Wednesday, March 1, 2023

Things going on

While my situation with the friend’s memorial service has not improved (it’s actually gotten worse, in some ways), the good news is it’s happening this Saturday which means it’s almost over and I’ll never have to deal with it again. And no matter what, my friend and I made a wonderful thing happen - finding a place for our dear old lady friend’s ashes to rest - that wouldn’t have happened otherwise. We’ve done our mitzvah, and I’m quite proud of that. 

I went on my CancĂșn trip with my friends last week.

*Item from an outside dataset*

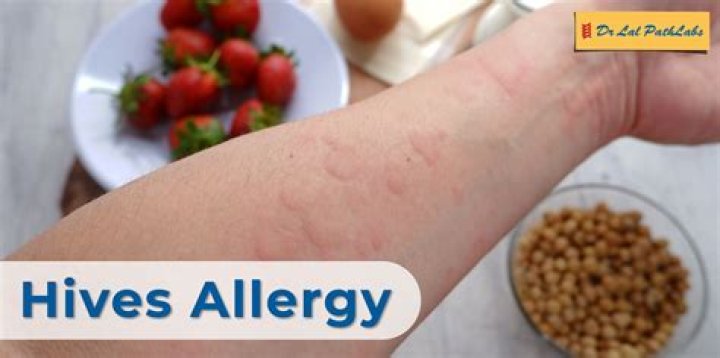 How can I help someone with hives?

There was a huge amount of anxiety going into it - would one of us catch covid before, forget our passports, would my friend with the soon-expiring passport be denied entry, etc etc - but everything went smooth as silk. We had some food snafus - one night we were barely able to get dinner - and a particularly horrific experience one day while snorkeling. One friend got seasick, which soon bizarrely blossomed into a full-blown panic attack and collapse. The medics were called and put her on oxygen and she slowly recovered, but it was some time before she regained feeling in her limbs. It’s just fascinating - and scary - how our bodies handle panic. I’d never known her to have episodes like this; but interestingly just the night before we were chatting about bad dentist experiences and she mentioned a time when she panicked during a wisdom tooth extraction and started hyperventilating and lost feeling in her extremities and they had to bring in oxygen. The same thing happened on the boat. It made me grateful that, despite my long and tortured history with panic episodes, mine never end up in passing out and not feeling my hands or feet. A little throat closing doesn’t sound so bad, in retrospect.

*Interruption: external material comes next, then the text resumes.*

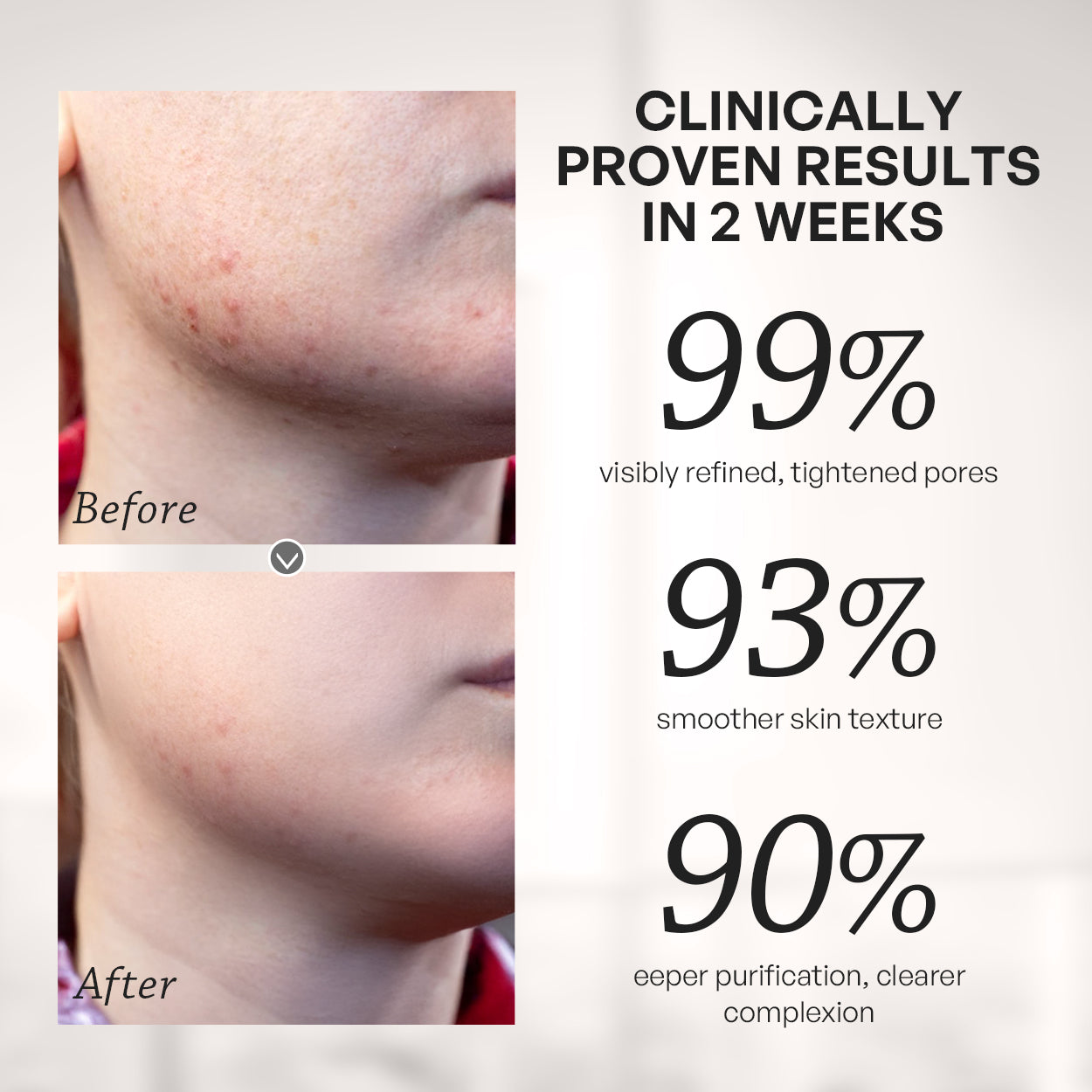 【TRUU】2% Salicylic Acid Pore Minimising Bubble Mask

The cruel finger of fate was not done with us, however. On our way home at a long layover at the Mexico City airport I suddenly started to feel nauseated, and right before we boarded the plane I vomited spectacularly in a garbage can in front of my (now wary) fellow passengers. Then was a torturous 4 1/2 hour flight back to freezing Los Angeles in which I felt like I was going to throw up every three seconds but didn’t. Apparently my body saved it for when I got home. Echoes of Fiji. I tested for covid as soon as I walked in the door and have been testing every day since - both me and my friends are still negative. They also never got sick. I’m now on day five of feeling like low-key garbage; I’m still, infuriatingly, nauseated, and not fully able to function. I’ve been dragging myself up to get kids to school and back and fed and put to bed, but otherwise I’m in bed feeling gross. Laundry isn’t done, showers haven’t been had, there’s no food in the house. It’s a mess. 

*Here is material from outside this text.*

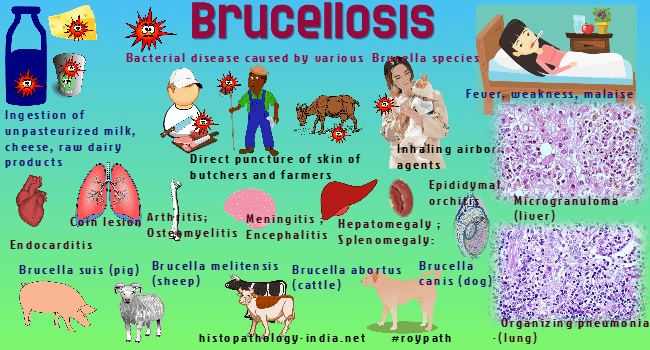 Pathology of Brucellosis - Dr Sampurna Roy MD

Oh, and my period is late. Coincidence…? Ha ha, yes. Remember, husband was snipped years ago, and I am nearing 51. There is literally zero chance I could be pregnant, but just for entertainment purposes I allowed myself to think about the bizarreness of being thrown back into that world at my age, how much I’ve left the whole conception/birth/baby world behind me now. I don’t remember a lot about those days, certainly not things I’d need to know, like walking back days to see when I may have ovulated, what you do first when you find out you’re pregnant, when certain tests are…who remembers this stuff? This is all a decade away for me now. And the reality of a pregnancy at my age is actually quite dark; most likely scenario is it would just quietly go away in a few days; second, it would not-so-quietly go away and I’d have to get a D&C (yay California for protecting abortion rights), third, even if the pregnancy continued, the odds of having a healthy, viable baby would be almost nil, my life-long vegetarianism and abstention from alcohol be damned. So, there’s no happy endings here. 

Most likely I got food poisoning, got a bacteria of some kind, contracted norovirus, and just have to work it out of my system. And the period? Put off by illness or travel or just a quirk of entering menopause. But it’s fun to fantasize sometimes, even if it’s about something you don’t actually want.